Ask HN: How was your experience hiring a white hat hacker? - jklontz
How did you find them? Was it worthwhile? Any recommendations for a company paranoid about IT security and considering hiring one?
======
big_youth
I'm a white hat hacker!

I think a better question is what are you looking for or what type of
organization do you run or work for? A good security firm can provide
application reviews to find everything from xss bugs in your web app to remote
code execution in kernel components. This is done either black-box or source
assisted and staffed with a team reflective of the size and complexity of the
application.

Another aspect of security assessments can be network and infrastructure,
these generally mean someone running nmap and looking for entry ways further
into your network. I am biased but my organization almost never fails to find
critical bugs or breach networks.

I'm not a salesman but my firm is NCC Group, we are a global pure security
consulting firm, which means we don't make or push products. We also have tons
of research [https://www.nccgroup.trust/us/our-
research/](https://www.nccgroup.trust/us/our-research/) which you can check
out to see a sample of what you be paying security consultants for.

------
ladytron
My firm was referred to a firm that needed us through the leader of the local
Python user group.

The client needed us to review code and act as a witness in a court case on
very short notice.

It was interesting work, but a bit frightening once we did some research into
the black hat hacker who had been warring with the client.

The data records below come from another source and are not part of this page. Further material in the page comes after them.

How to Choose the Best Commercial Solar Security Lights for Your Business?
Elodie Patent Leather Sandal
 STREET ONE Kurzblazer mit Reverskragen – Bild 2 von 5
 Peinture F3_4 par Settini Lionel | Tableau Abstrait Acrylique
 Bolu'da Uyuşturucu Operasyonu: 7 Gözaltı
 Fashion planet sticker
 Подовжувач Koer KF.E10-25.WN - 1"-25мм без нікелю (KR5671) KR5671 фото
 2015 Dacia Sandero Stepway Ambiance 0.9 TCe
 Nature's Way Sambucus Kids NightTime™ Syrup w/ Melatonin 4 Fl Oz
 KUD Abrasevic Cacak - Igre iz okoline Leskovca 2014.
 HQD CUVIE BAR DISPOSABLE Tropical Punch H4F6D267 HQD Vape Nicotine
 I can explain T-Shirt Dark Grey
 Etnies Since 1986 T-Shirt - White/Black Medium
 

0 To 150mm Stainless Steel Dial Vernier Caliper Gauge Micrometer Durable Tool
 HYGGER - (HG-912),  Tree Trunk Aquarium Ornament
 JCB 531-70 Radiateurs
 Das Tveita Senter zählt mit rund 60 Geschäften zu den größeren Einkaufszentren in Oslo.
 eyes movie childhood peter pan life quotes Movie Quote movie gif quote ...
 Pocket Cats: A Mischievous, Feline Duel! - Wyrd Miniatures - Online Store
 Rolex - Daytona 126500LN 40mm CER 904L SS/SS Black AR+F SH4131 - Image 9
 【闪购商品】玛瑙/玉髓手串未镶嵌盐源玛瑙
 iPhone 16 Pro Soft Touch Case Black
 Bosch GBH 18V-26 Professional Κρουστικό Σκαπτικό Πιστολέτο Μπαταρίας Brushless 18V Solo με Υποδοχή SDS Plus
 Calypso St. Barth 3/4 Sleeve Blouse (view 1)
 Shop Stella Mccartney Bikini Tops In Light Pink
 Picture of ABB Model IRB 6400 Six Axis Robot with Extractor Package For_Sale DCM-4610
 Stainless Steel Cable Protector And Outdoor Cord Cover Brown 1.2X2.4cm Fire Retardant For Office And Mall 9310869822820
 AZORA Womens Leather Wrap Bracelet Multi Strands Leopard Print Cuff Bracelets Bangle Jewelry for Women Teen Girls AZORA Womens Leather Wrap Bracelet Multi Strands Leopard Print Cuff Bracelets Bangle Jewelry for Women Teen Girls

I would say to make sure you are hiring a WHITE hat hacker, and pay
accordingly. Do your research, check recommendations by past clients and the
community, and do a background check at minimum.

------
uladzislau
HackerOne worked really well for us, it's a crowdsourced bounty based
marketplace for white hat hackers.

------
elyrly
Bugcrowd leaderboard provides insight into the top bounty hunters -
[https://bugcrowd.com/leaderboard](https://bugcrowd.com/leaderboard)

------
martenmickos
The safest and most convenient way of hiring a white hat hacker (a.k.a.
ethical hacker) is to run a bug bounty program and get the input of many of
them.

HackerOne is the leading bug bounty platform.